The Ministry of Education should step in and save us the embarrassment of having such half-baked scholars gracing our scholarship ranks. How can they do this? By helping promote the reading culture.
What the ministry did with the key subject areas, buying books, should also be done with class readers. The ministry should buy schools class readers, since some schools do not buy them, even if they are given resources for the same. After all, writers are custodians of social mirrors, and their role should not be down played. Let the mirrors be brought to the young people, that they may see their reflections therein.
Students are still willing to read. But basically, the only books they read are the ubiquitous ‘set books’. That is pathetic, to put it gently. It is only a sure way of restricting scholarship into a bunch of pseudo-scholars that simply have the same nicknames, but nothing else.

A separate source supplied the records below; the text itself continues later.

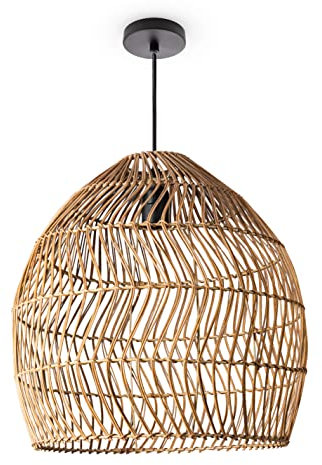 Paco Home Pendelleuchte Wohnzimmer Boho Korbleuchten Pendellampe Rattan Hängeleuchte Esszimmer Lampe Papier E27, Lampenart:Pendelleuchte - Typ 7, Farbe:Natur (Ø40cm)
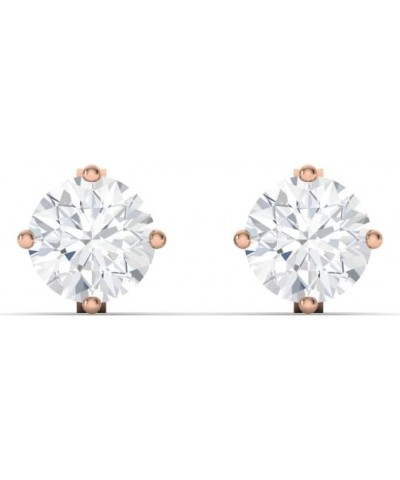 Natural and Certified Round Gemstone Solitaire Petite Earrings in 14K Solid Gold |0.61 Carat Earrings for Women White Topaz 1...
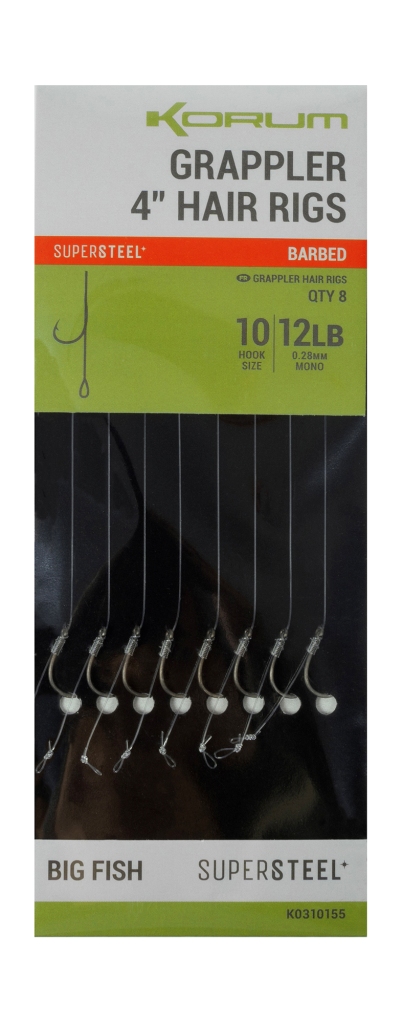 Návazce Korum Grappler 4" Hair Rigs Barbed 8ks 10cm 0,28mm #10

There are books which have been approved as relevant class readers for certain levels of learners. I am talking of the orange book. Some of these have even won international awards, like the Burt Award for Young Adult African Literature (BAYAAL). Yet Kenyan young adults have never had access to them. Why can’t they be made available for Kenyan children to read, as part of a campaign to promote reading culture? Why can’t we even start with the Award winners, both BAYAAL and Jomo Kenyatta, so that at least the efforts of our champions can be appreciated by Kenyan young adults, for which the books were written?